(Recorded data)
* * * * *

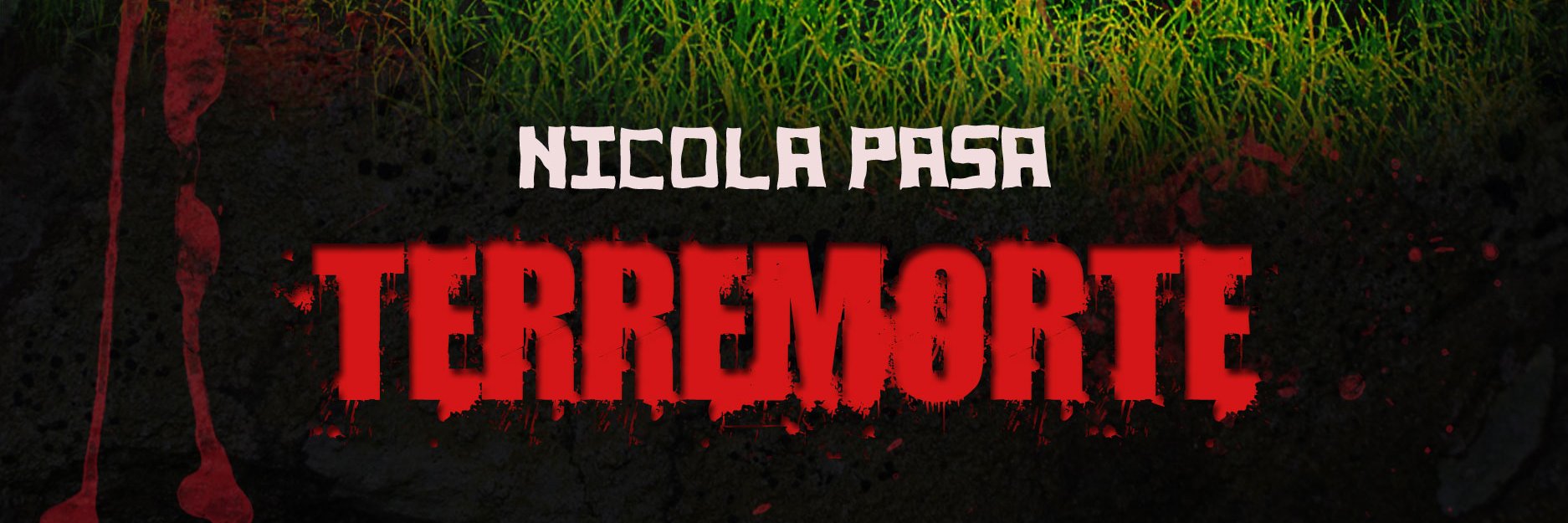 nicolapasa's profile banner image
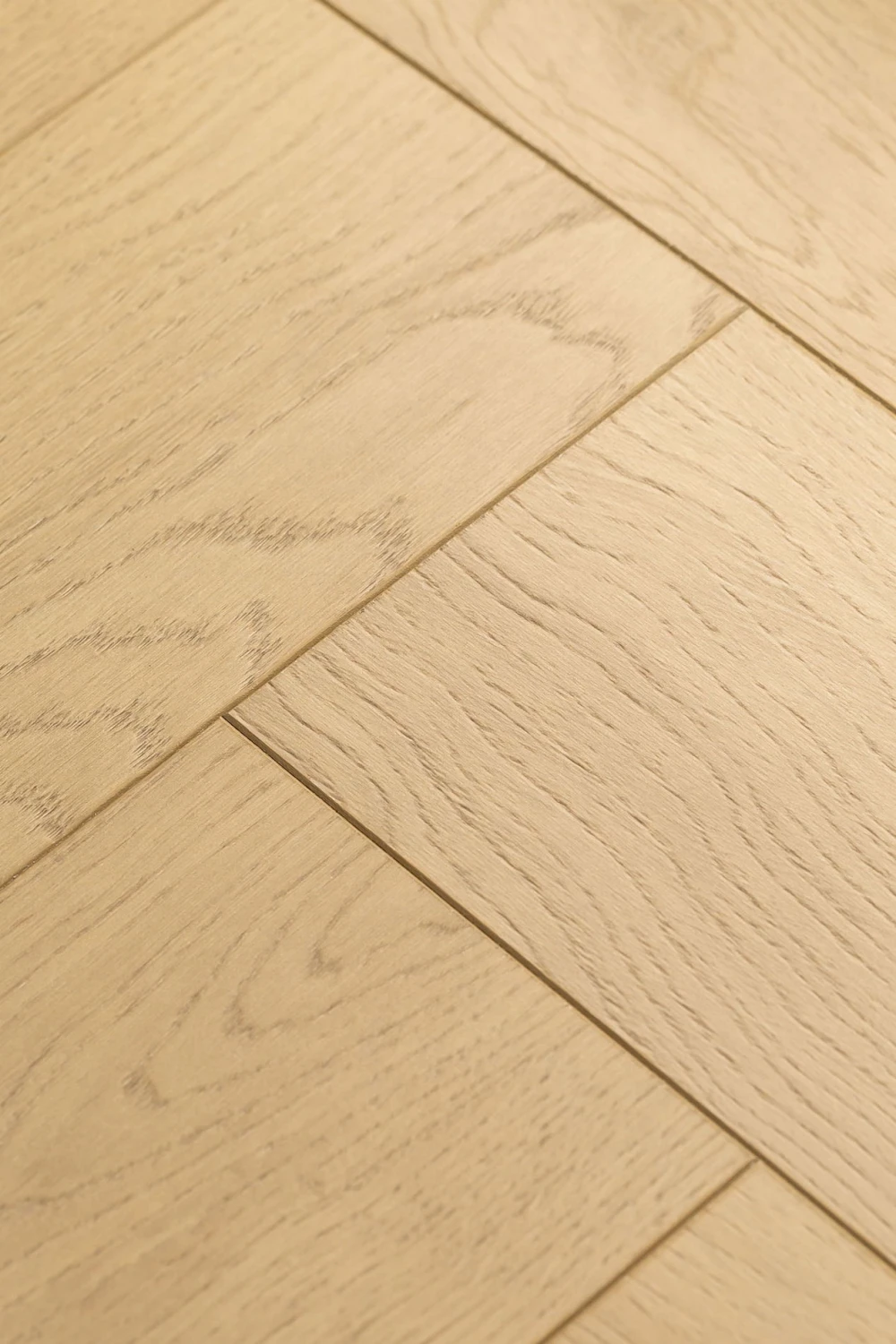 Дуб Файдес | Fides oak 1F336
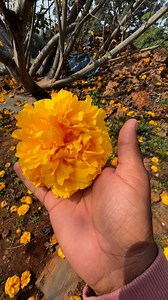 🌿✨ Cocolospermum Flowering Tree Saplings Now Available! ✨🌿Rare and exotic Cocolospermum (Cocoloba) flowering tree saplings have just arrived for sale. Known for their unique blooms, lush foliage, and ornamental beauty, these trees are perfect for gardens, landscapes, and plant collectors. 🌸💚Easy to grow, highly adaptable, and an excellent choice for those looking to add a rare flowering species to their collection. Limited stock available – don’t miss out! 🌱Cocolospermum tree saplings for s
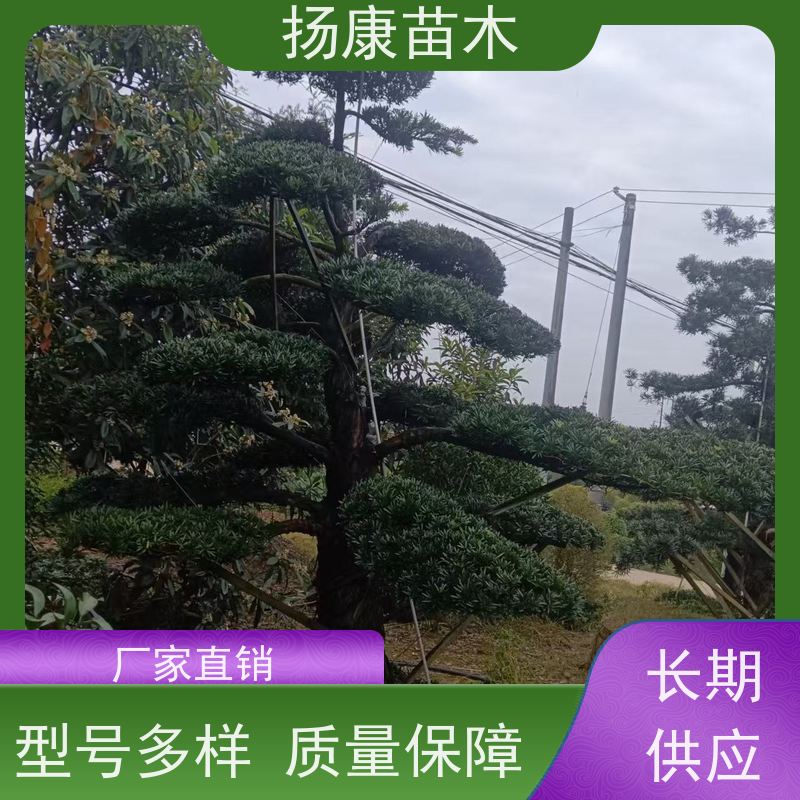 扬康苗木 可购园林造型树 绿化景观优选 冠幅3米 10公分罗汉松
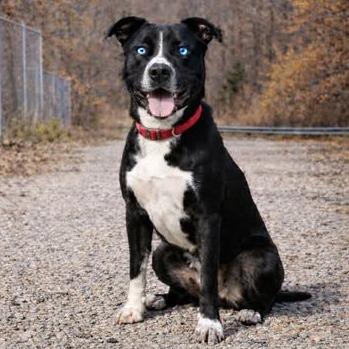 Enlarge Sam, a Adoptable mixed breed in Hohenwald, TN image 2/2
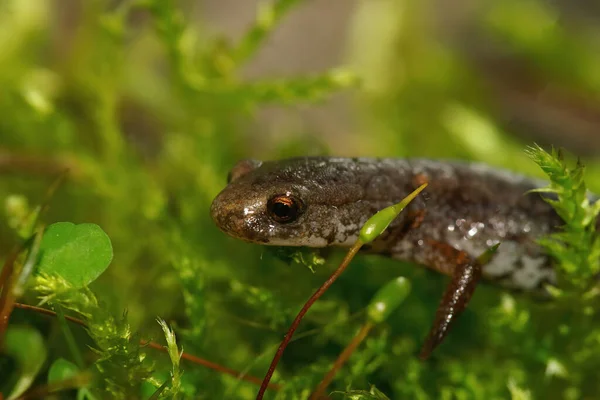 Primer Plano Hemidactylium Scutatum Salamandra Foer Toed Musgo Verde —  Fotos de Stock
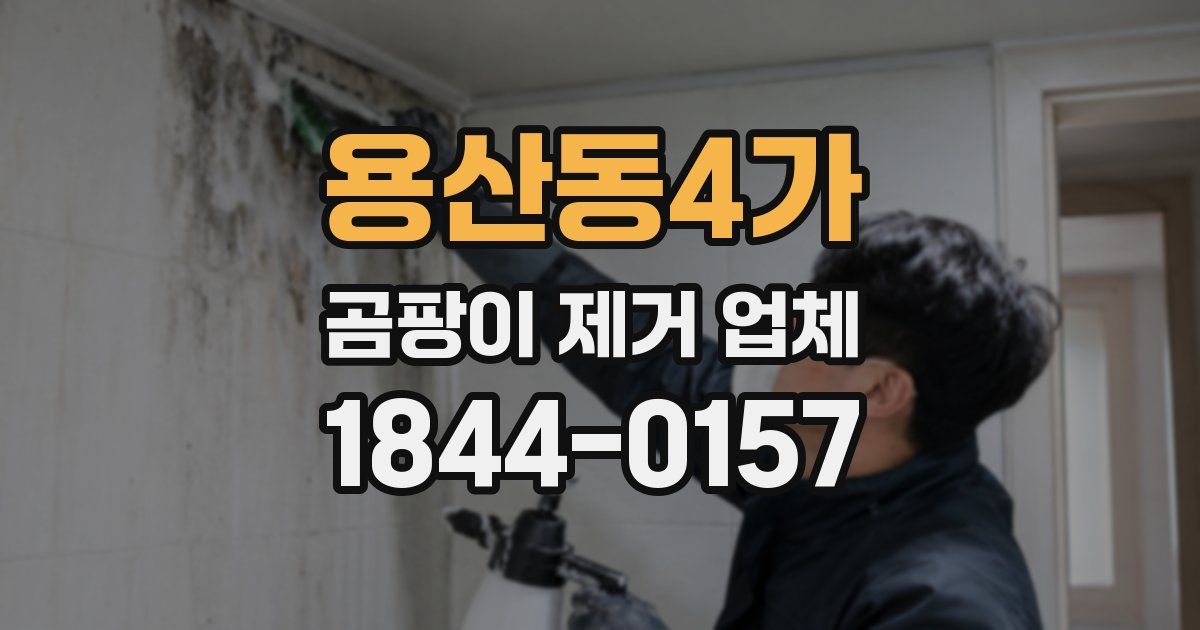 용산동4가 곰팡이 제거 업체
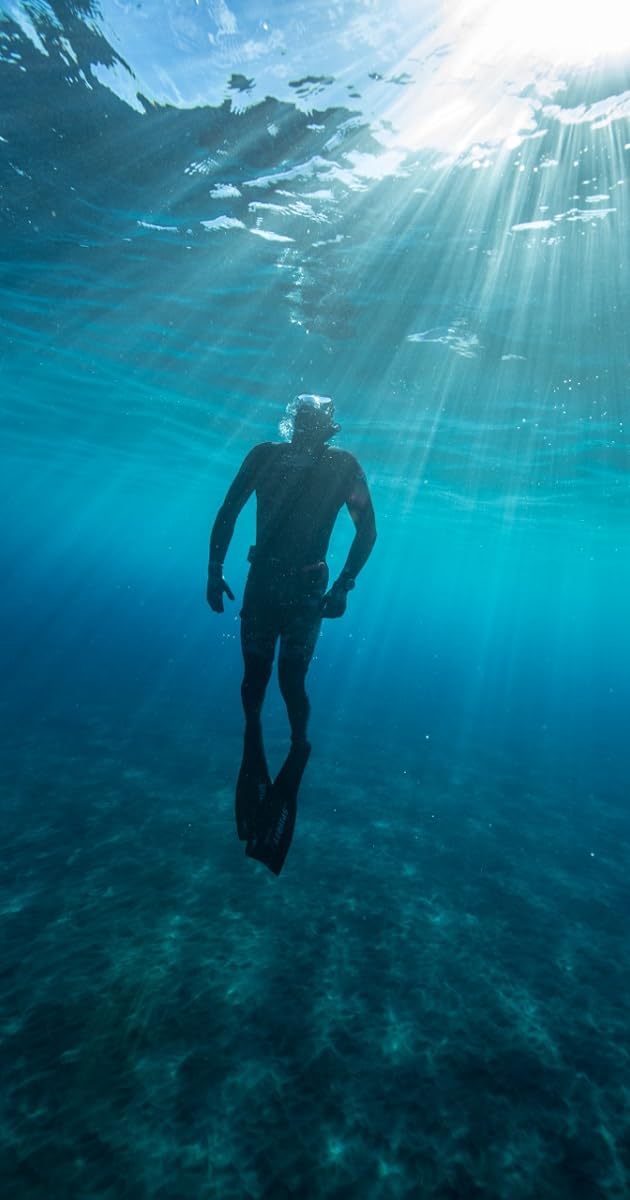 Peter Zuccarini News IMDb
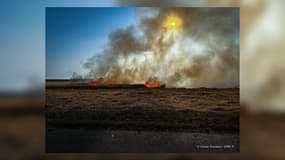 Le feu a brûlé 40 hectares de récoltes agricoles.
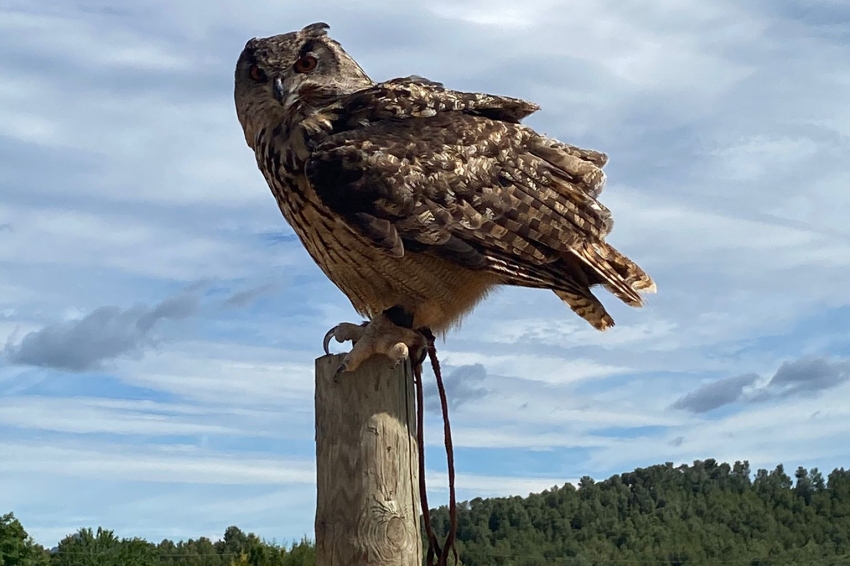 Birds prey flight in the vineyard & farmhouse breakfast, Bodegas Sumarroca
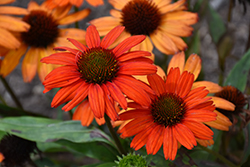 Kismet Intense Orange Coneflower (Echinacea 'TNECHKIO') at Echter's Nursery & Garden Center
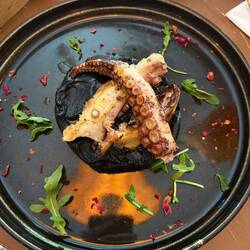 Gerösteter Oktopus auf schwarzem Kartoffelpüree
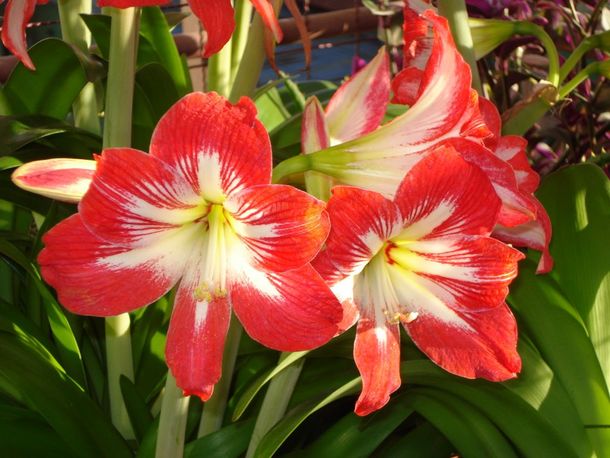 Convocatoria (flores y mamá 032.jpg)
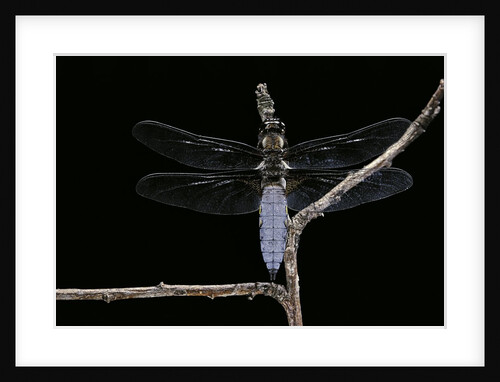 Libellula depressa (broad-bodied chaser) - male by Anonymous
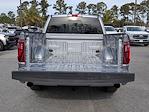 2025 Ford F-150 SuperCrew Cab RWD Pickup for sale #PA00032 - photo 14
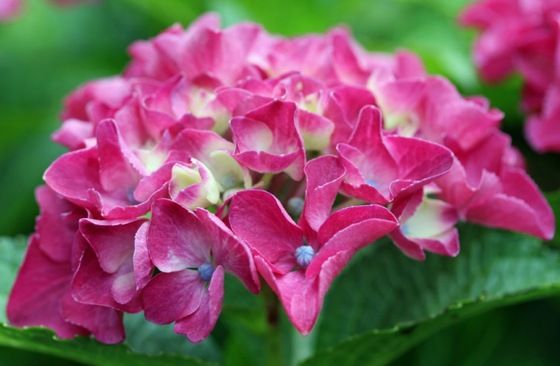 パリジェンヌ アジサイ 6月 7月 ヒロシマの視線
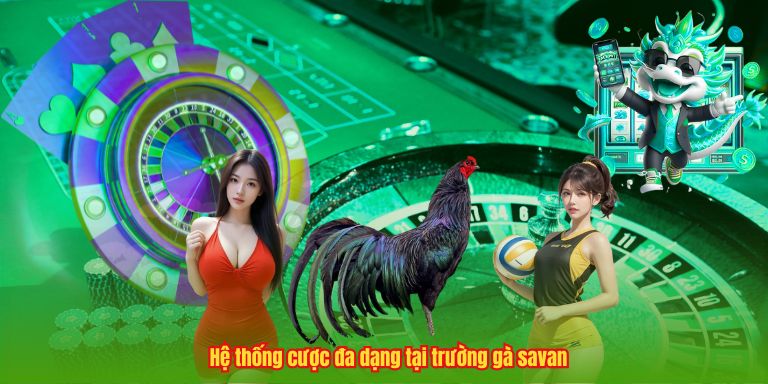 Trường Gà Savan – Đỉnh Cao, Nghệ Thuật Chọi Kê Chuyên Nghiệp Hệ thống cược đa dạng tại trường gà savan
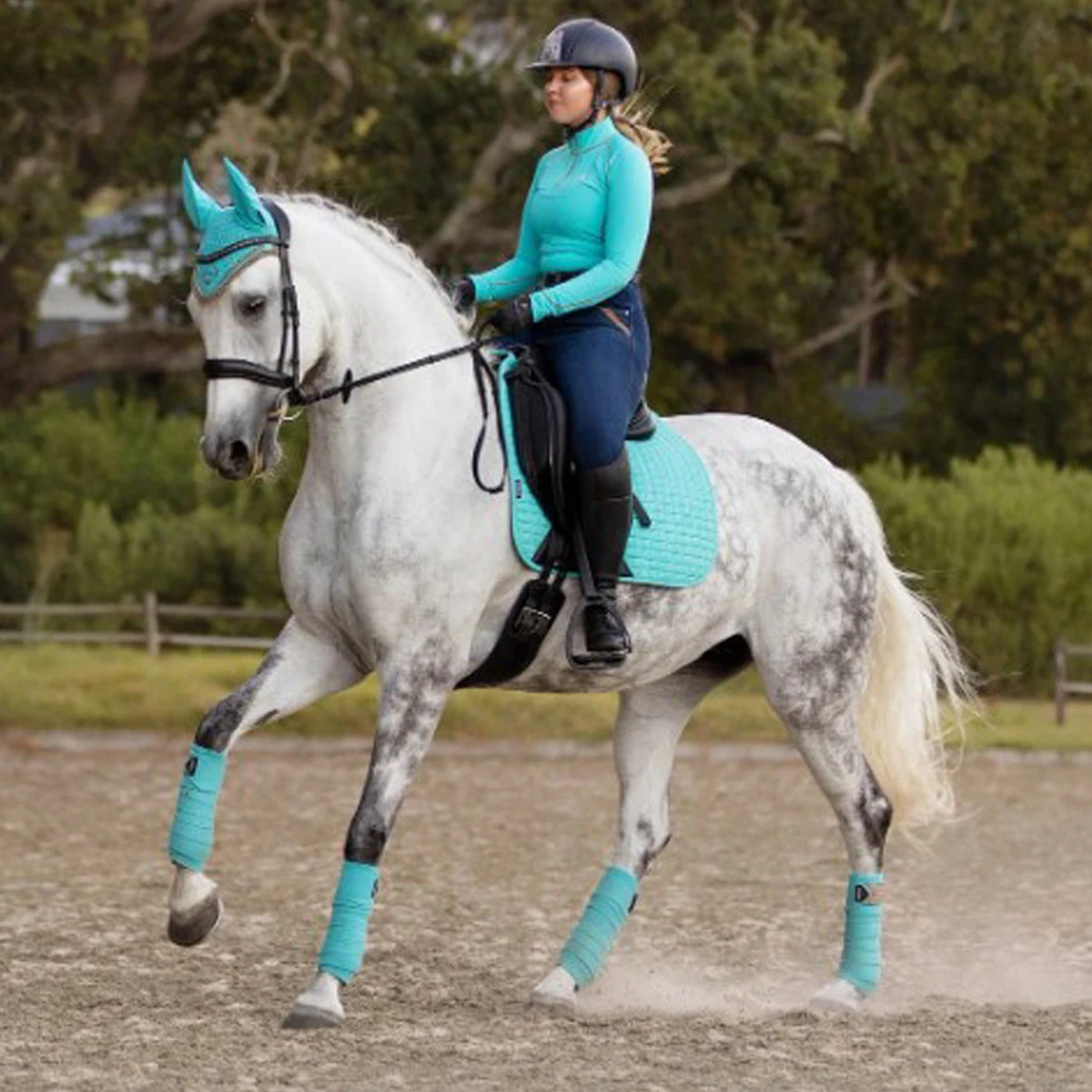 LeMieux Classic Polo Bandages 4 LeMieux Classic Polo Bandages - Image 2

* * * * *

Activity >> Whenever a picture appears, leave it out, and return every record exactly.

Exercise solution >>
 nicolapasa's profile banner image
 Дуб Файдес | Fides oak 1F336
 🌿✨ Cocolospermum Flowering Tree Saplings Now Available! ✨🌿Rare and exotic Cocolospermum (Cocoloba) flowering tree saplings have just arrived for sale. Known for their unique blooms, lush foliage, and ornamental beauty, these trees are perfect for gardens, landscapes, and plant collectors. 🌸💚Easy to grow, highly adaptable, and an excellent choice for those looking to add a rare flowering species to their collection. Limited stock available – don’t miss out! 🌱Cocolospermum tree saplings for s
 扬康苗木 可购园林造型树 绿化景观优选 冠幅3米 10公分罗汉松
 Enlarge Sam, a Adoptable mixed breed in Hohenwald, TN image 2/2
 Primer Plano Hemidactylium Scutatum Salamandra Foer Toed Musgo Verde —  Fotos de Stock
 용산동4가 곰팡이 제거 업체
 Peter Zuccarini News IMDb
 Le feu a brûlé 40 hectares de récoltes agricoles.
 Birds prey flight in the vineyard & farmhouse breakfast, Bodegas Sumarroca
 Kismet Intense Orange Coneflower (Echinacea 'TNECHKIO') at Echter's Nursery & Garden Center
 Gerösteter Oktopus auf schwarzem Kartoffelpüree
 Convocatoria (flores y mamá 032.jpg)
 Libellula depressa (broad-bodied chaser) - male by Anonymous
 2025 Ford F-150 SuperCrew Cab RWD Pickup for sale #PA00032 - photo 14
 パリジェンヌ アジサイ 6月 7月 ヒロシマの視線
 Trường Gà Savan – Đỉnh Cao, Nghệ Thuật Chọi Kê Chuyên Nghiệp Hệ thống cược đa dạng tại trường gà savan
 LeMieux Classic Polo Bandages 4 LeMieux Classic Polo Bandages - Image 2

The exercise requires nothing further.